Makar Data Manager allows to easily import data from different sources (e.g Stack Overflow, Github, Mailinglists). User-Defined data models guarantee great flexibility, and with extendable Transformations the data can be preprocessed as needed for further analysis.
1. Requirements
2. Installation
3. Usage
4. Development
5. References
6. License
- Docker (>= v19.03)
- docker-compose (>= v3)
- Set environment variables in
.env
file in the project root
DATABASE_USER=postgres
DATABASE_PASSWORD=[choose a password]
DATABASE_HOST=db
- Build and run docker containers
docker-compose build
- Init Database
docker-compose run --rm web rails db:setup
- Start Makar
docker-compose up
- Access Makar Data manager at
localhost:3000
Schemas define the structure of the datasets managed in Makar.
Go to Menu-Item "Schemas" to manage your schemas.
Schemas can be defined by a special JSON-based DSL.
The following image shows a valid schema definition.
See lib/schema_definition.json
for exact specification of how to define a schema.
Various import adapters are available to load data into Makar. Some import adapter need to be given an existing Schema (e.g. CSV and JSON import) and the data needs to be exactly matching this schema. Other import adapters create the Schema ad-hoc. Based on the import adapter, different parameters need to be given.
Currently implemented import adapters are:
- CSV
- JSON
- Stack Overflow Excerpt API (https://api.stackexchange.com/docs/excerpt-search)
- Apache Mailing Lists
- Github Pull Requests
- Github Issues
Example of the Mailing List Import Adapter:
All imported records can be browsed and queried on the page "Records". The search interface allows one to define fine-grained queries with multiple conditions and various search predicates (i.e. contains, equals, less than, ...). Search queries can be saved as Filters to be reused later.
Collections can be created to group records.
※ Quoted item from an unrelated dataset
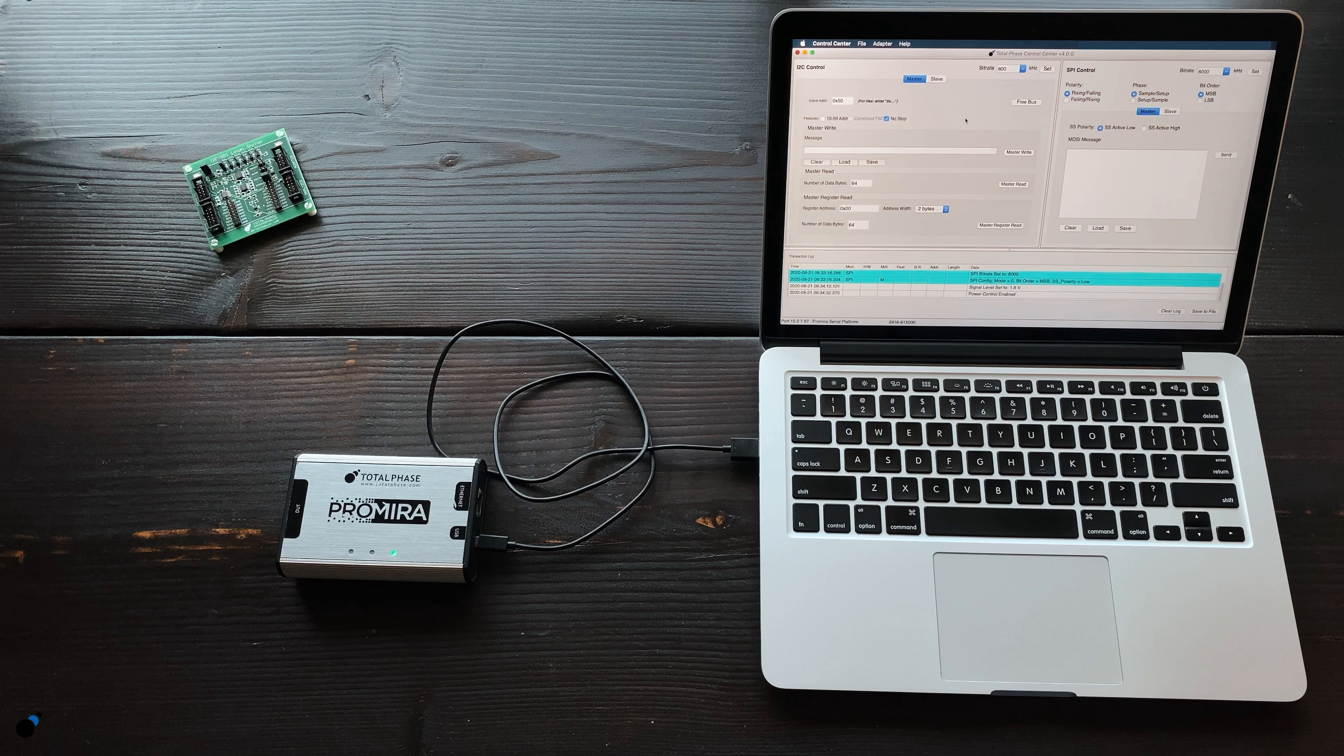As you can see, the Promira Serial Platform is a flexible tool for engineers working on projects requiring low voltages. The simplicity of a built-in level shifter makes it the ideal development tool.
Every record can be part of any number of collections. Records can be added manually to collections or by assigning a filter (i.e. saved search query) to the collection. When a filter is assigned to a collection, all records matching that filter get assigned automatically to the collection.
Collections offer functionality (e.g. delete records, compact table view, exports, custom exports) that is applied to all records in the collection.
The following image shows an collection which is connected to a filter. By clicking on the sync icon, the collection gets updated with all records matching the assigned filter.
Transformations perform operations on all records of a specified collection. This is useful to apply preprocessing steps (e.g. remove HTML tags) on the dataset.
The following example show how to remove HTML tags from the attribute "Body" in all records in the Collection "Stack Overflow Questions" and store the result in the attribute "Body_stripped".
A transformation is always executed in a background process. The status of such a running transformation can be seen on the page "Jobs".
In case the transformation produces an error, the error log is shown there.
The datasets in makar can be exported in various formats. The export functionality is available for collections. A user can select the attributes to export and specify the format.
Various parts of this tool can adapted easily to support more use cases, add more transformations, import capabilities or export formats. The following list should help developers to know where to start looking when extending certain functionality of the tool.
- Import Adapters
- Extend this class to build your own import adapter: app/lib/import.rb
- See for an example: app/lib/import/csv_import.rb
- Transformations
- Extend this class to build your own transformations: app/lib/transformation.rb
- See for an example: app/lib/transformation/strip_html_transformation.rb
- Custom Exports
- Extend this class to build your own exports: app/lib/export.rb
- See for an example: app/lib/export/mallet_export.rb
- Export Formats
- Schema
- Schema Definition: lib/schema_definition.json
- Model: app/models/schema.rb
- Record Model: app/models/record.rb
GNU General Public License v3.0 or later
See COPYING to see the full text.